WORK ORDER » Drop the pictures and extract exactly the lines from the one that contains "The Story of a Cornish Village - Lanreath" through the end of the material.

PROVIDED DATA »

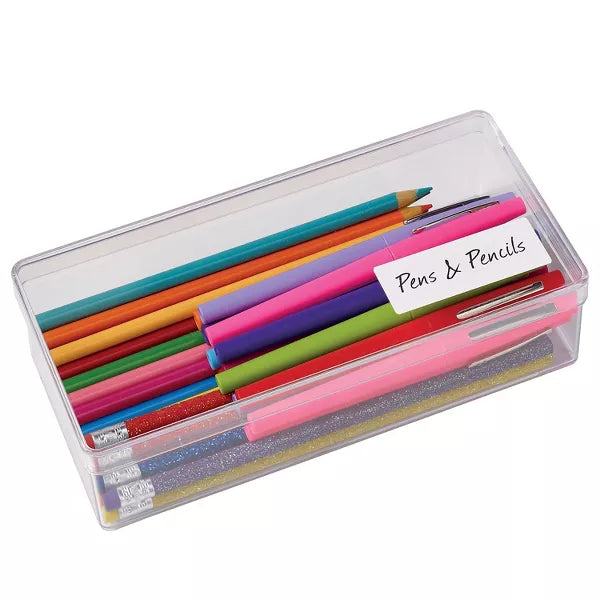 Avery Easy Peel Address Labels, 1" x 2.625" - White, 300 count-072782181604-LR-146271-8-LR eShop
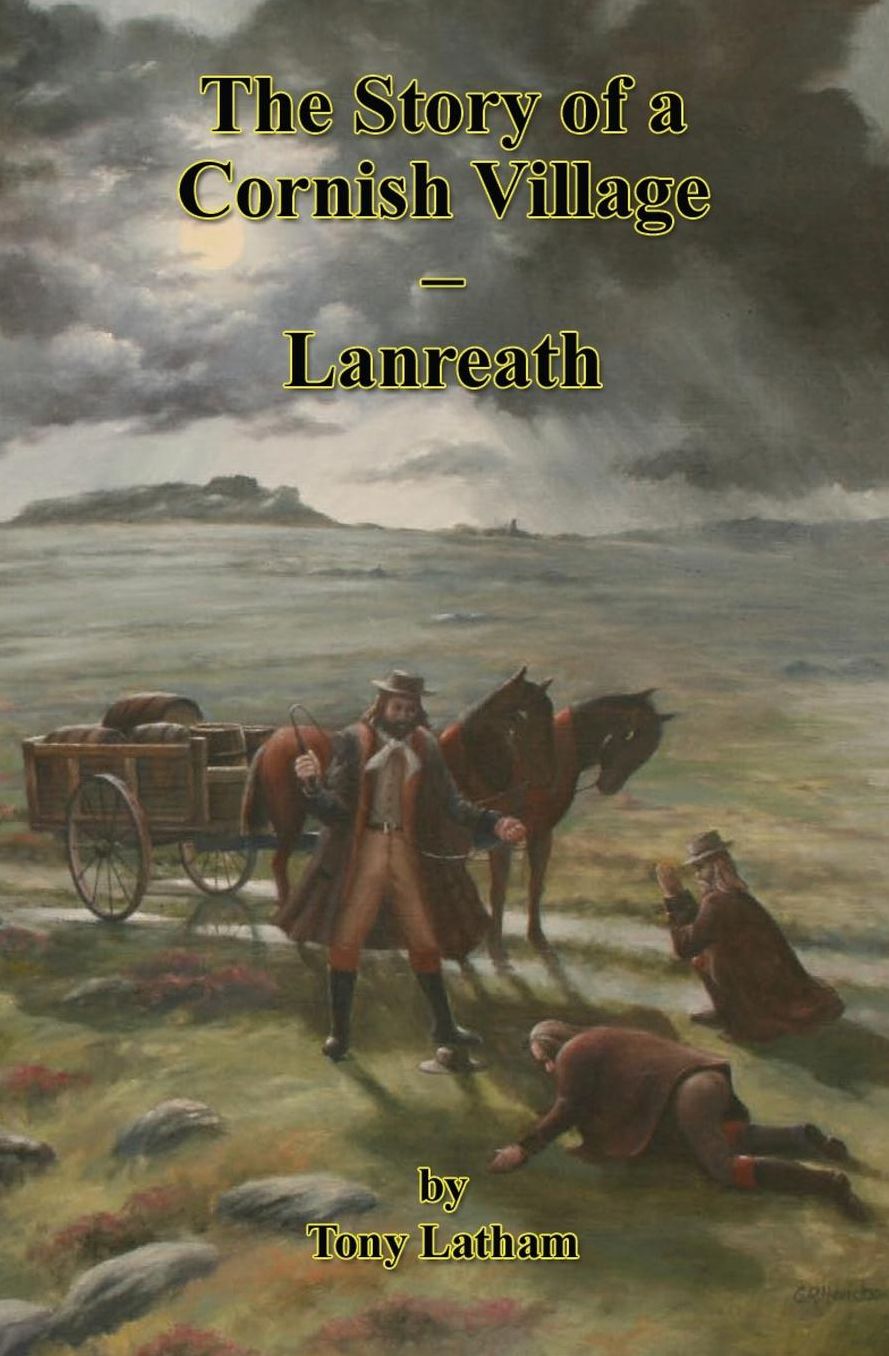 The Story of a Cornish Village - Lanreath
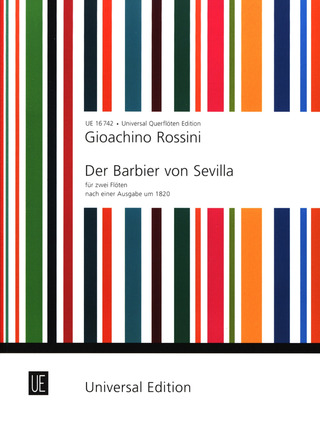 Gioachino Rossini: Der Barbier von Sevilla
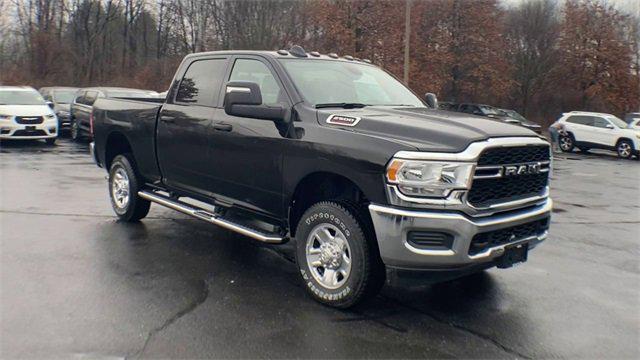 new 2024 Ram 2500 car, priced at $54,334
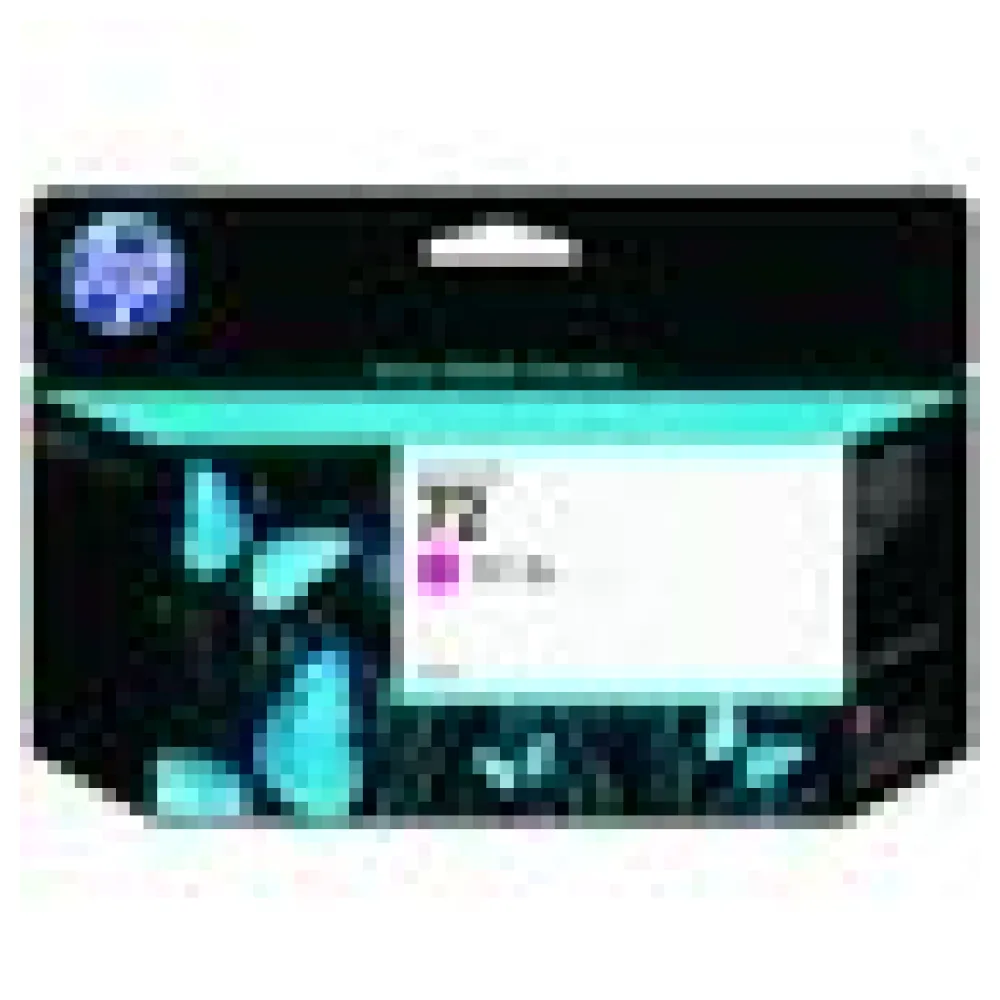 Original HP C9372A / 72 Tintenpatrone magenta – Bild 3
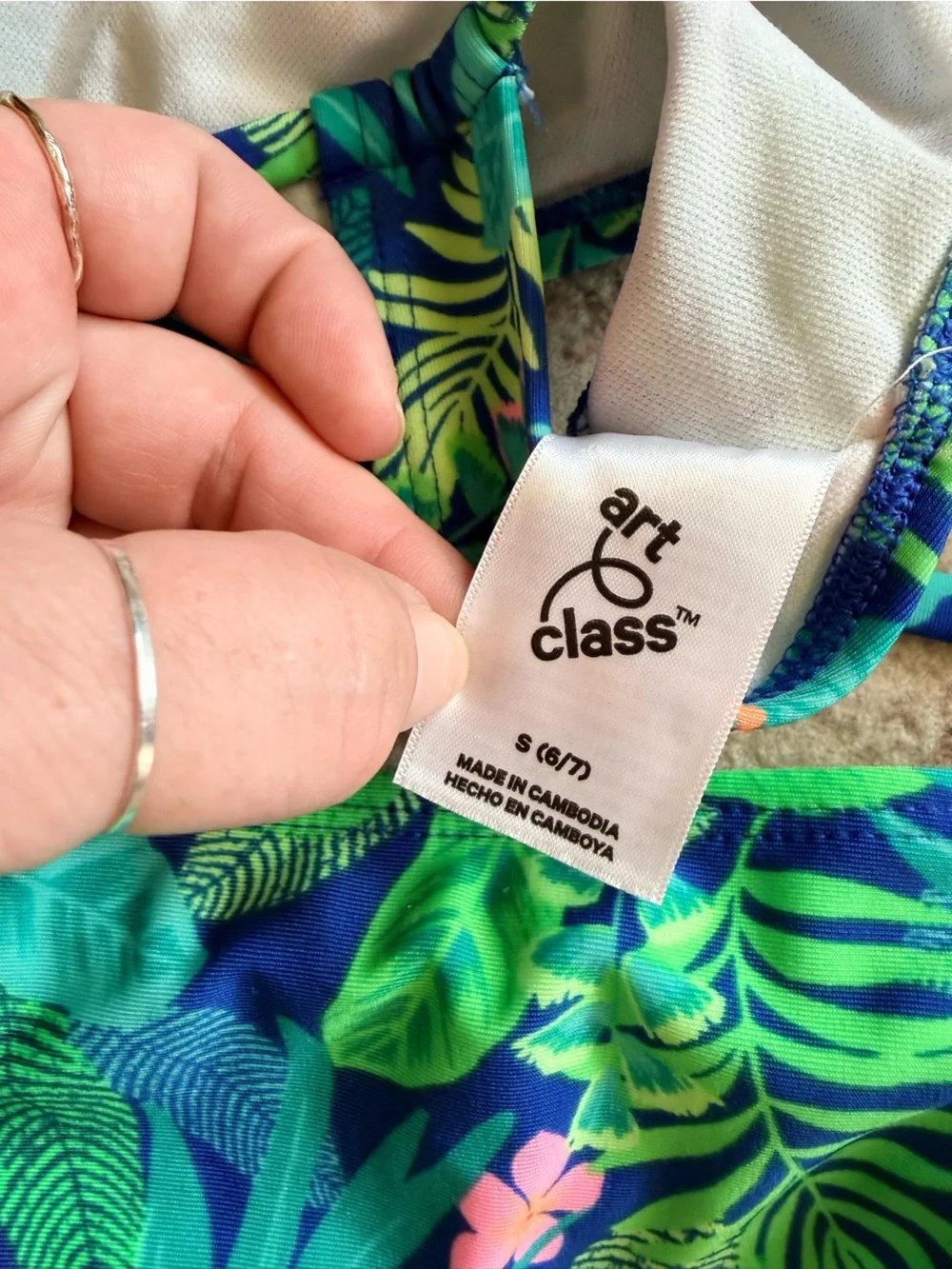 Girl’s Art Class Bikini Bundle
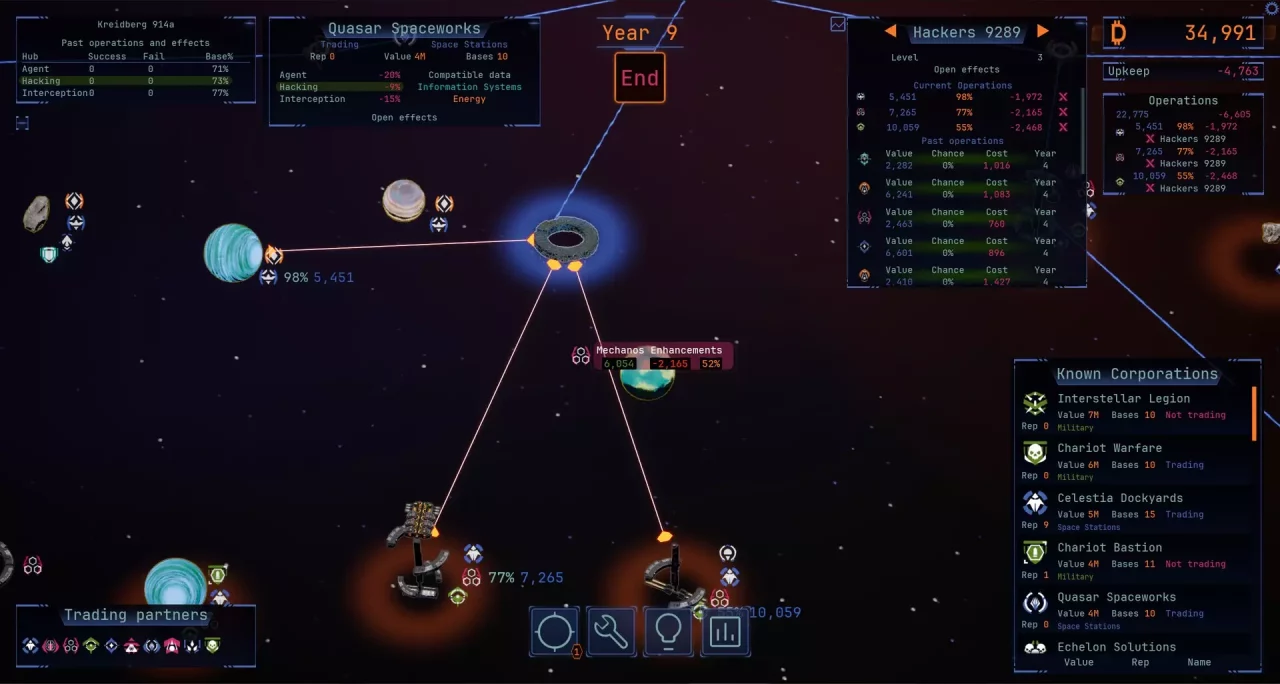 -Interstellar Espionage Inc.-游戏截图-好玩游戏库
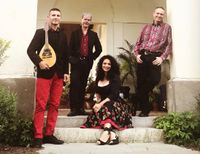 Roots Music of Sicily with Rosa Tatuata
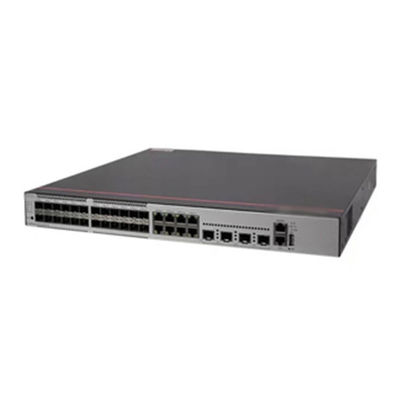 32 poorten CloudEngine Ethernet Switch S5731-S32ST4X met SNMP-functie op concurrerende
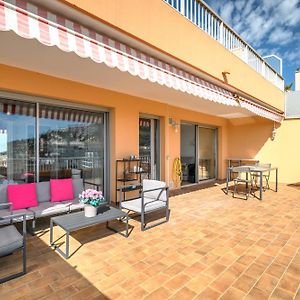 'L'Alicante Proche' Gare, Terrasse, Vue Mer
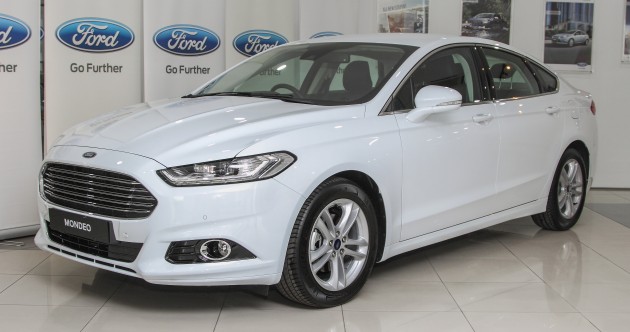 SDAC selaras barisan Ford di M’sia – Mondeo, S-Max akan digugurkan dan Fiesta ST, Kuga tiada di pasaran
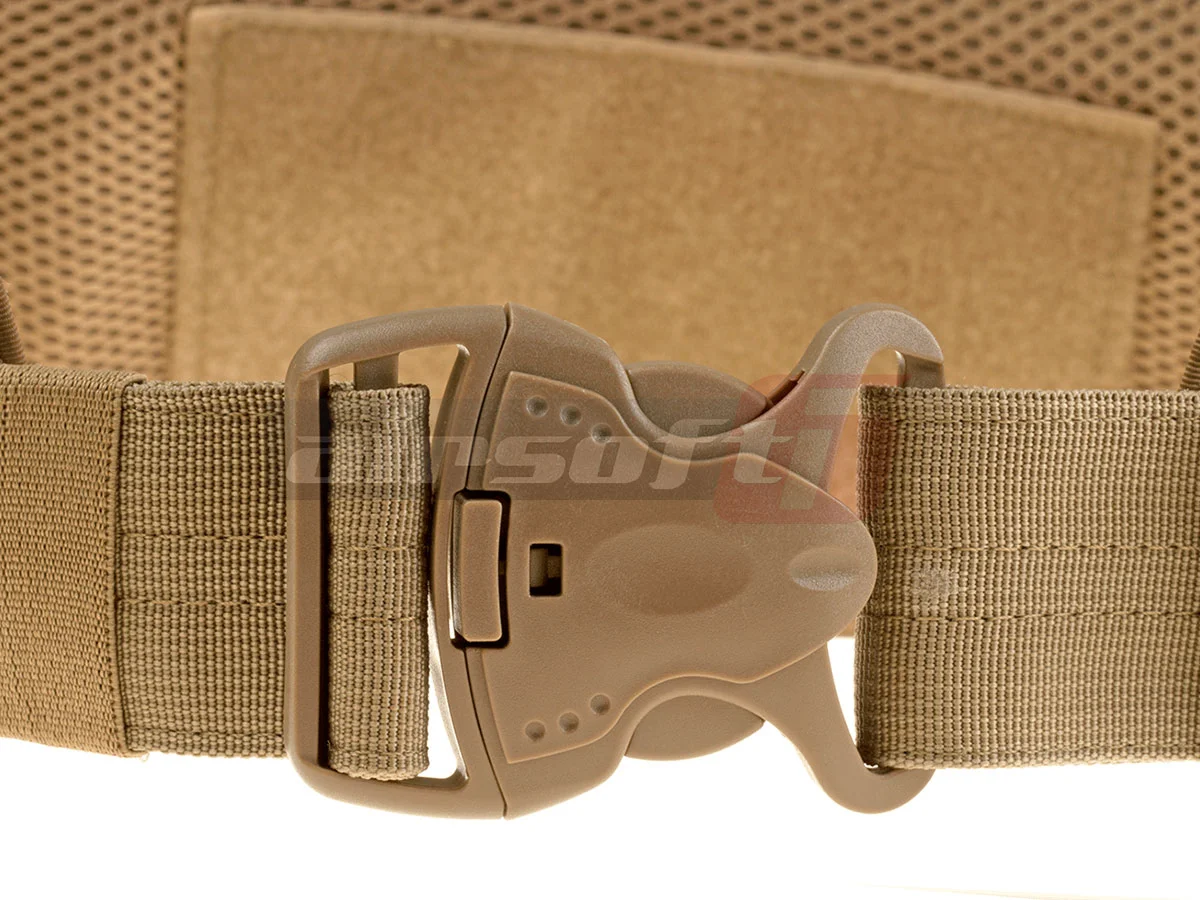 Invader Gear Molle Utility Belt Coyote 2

SOLUTION FOR THIS PROBLEM »
 The Story of a Cornish Village - Lanreath
 Gioachino Rossini: Der Barbier von Sevilla
 new 2024 Ram 2500 car, priced at $54,334
 Original HP C9372A / 72 Tintenpatrone magenta – Bild 3
 Girl’s Art Class Bikini Bundle
 -Interstellar Espionage Inc.-游戏截图-好玩游戏库
 Roots Music of Sicily with Rosa Tatuata
 32 poorten CloudEngine Ethernet Switch S5731-S32ST4X met SNMP-functie op concurrerende
 'L'Alicante Proche' Gare, Terrasse, Vue Mer
 SDAC selaras barisan Ford di M’sia – Mondeo, S-Max akan digugurkan dan Fiesta ST, Kuga tiada di pasaran
 Invader Gear Molle Utility Belt Coyote 2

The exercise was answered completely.